I was born and raised in a small town in rural Ethiopia.
I come from a family of 8 – 3 boys and 5 girls. I am the 7th child, the youngest daughter. My parents never went to school but my dad learned how to read and write through church. My father was hard-working and he was only 12 years old when he moved to start a life on his own in a city near his village. He worked in various jobs and started a family with my mother when he was 24 years old. Later he became the owner of a small motel and was respected in his community and made a very good life for us.
My dad believed in education and made sure that all his children went to school. He was a very proud dad and we all had admired and respected him.
As an adolescent girl, I will never forget the experience having my first period. I was shocked and confused; my mother and my 4 sisters had not told me anything about periods. What girls overhear from grown-ups was that girls have their periods because they are being bad and therefore are ready to be married.
With all the myths and misinformation, I wanted to hide so that no one would know what was happening. I was confused, depressed, and isolated until my friends and I realized we were all experiencing the same thing. We would use pieces of old clothing as pads and make sure to bring large scarves to cover ourselves if we stained our clothes by accident. The other challenges were irregular periods, cramps, and all the questions that I wanted someone to answer but never dared to ask.
Then I had an opportunity to come to the U.S. for school and remembered my first visit to the drug store with its overwhelming choice of sanitary pads. From that moment on, month after month, I wondered about the girls back home. Were things changing for them too?
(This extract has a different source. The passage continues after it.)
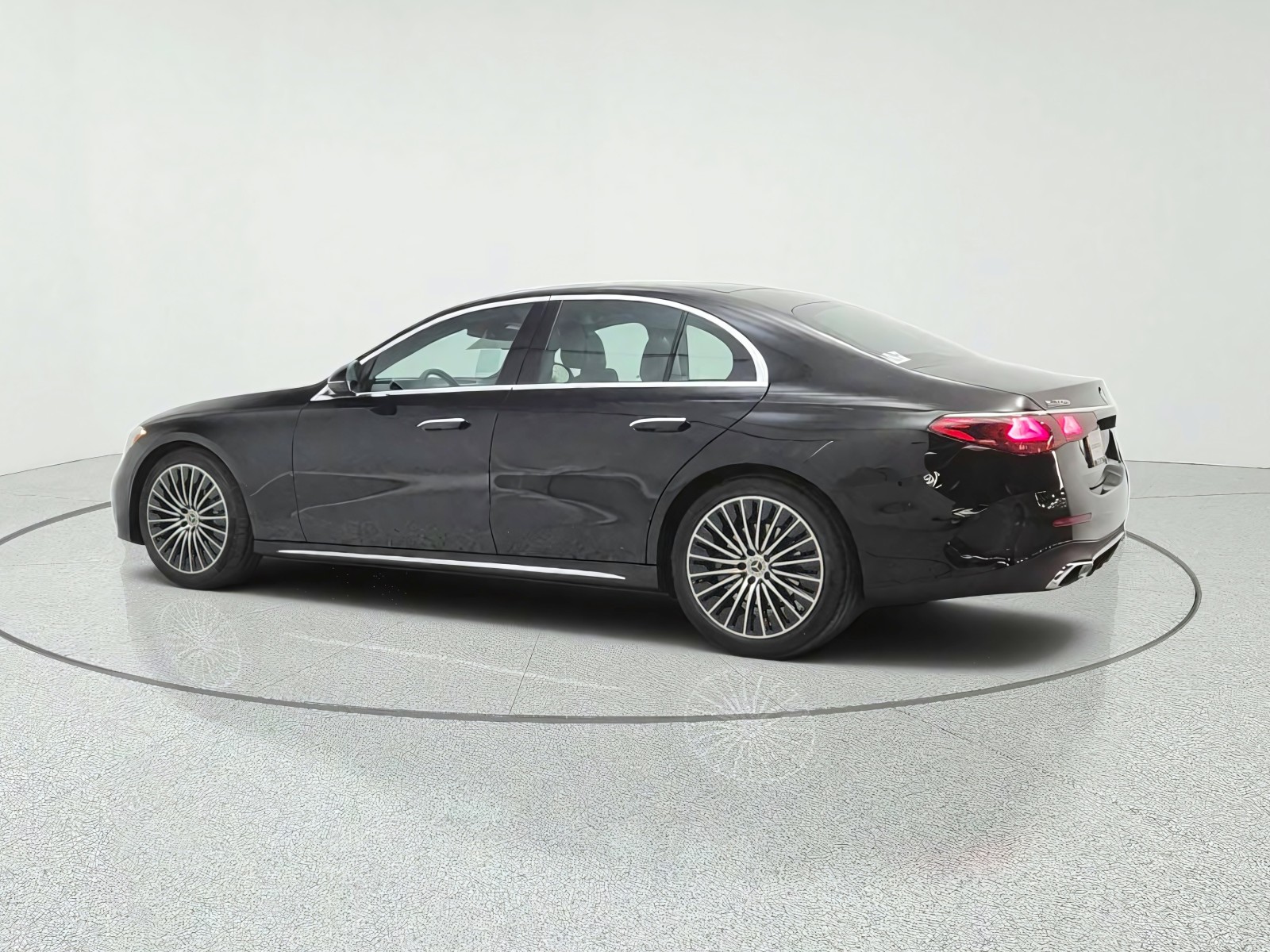 New 2027 Black Mercedes-Benz E 350 RWD Sedan image 7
I got my chemical engineering degree from P&V University in 1992. I promised my Father that I would return home after my education, so I started to visit Ethiopia once it was safe (after the communist (Dergue) regime fell). During my visits, I wanted to know if anything had changed for adolescent girls and women dealing with periods since I left the country. I started by questioning the women in the village and their experience with periods. The stories I heard were shocking – digging a hole and squatting over it for three to five days, or wrapping themselves with strips of cloth. I also noticed that they were uncomfortable talking about it – this is still a taboo subject.
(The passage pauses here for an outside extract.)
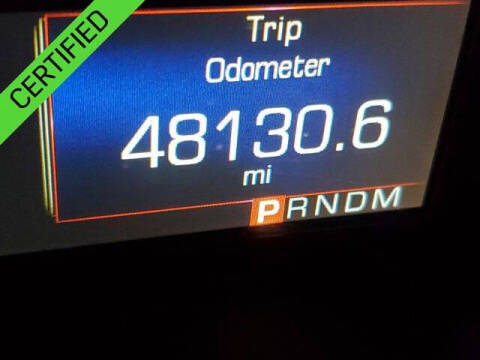 2017 Cadillac ATS 2.0T Luxury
I needed to figure out a solution. I wanted to develop a product that was affordable, reliable, and environmentally friendly. In 2005, I developed a reusable sanitary pads and piloted the product in Kelkel Debri on the edge of Mekelle with a lot of success. In 2006, I got a patent from the science and technology ministry of Ethiopia.
In 2009, I received a loan from the development bank of Ethiopia for 150,000 USD and built a factory on 1500 sq. meters of land. The factory currently employs 42 local women and produces 600,000 sanitary pads and 300,000 underwear per year.
It is my hope that this product will bring dignity to many more girls in Ethiopia.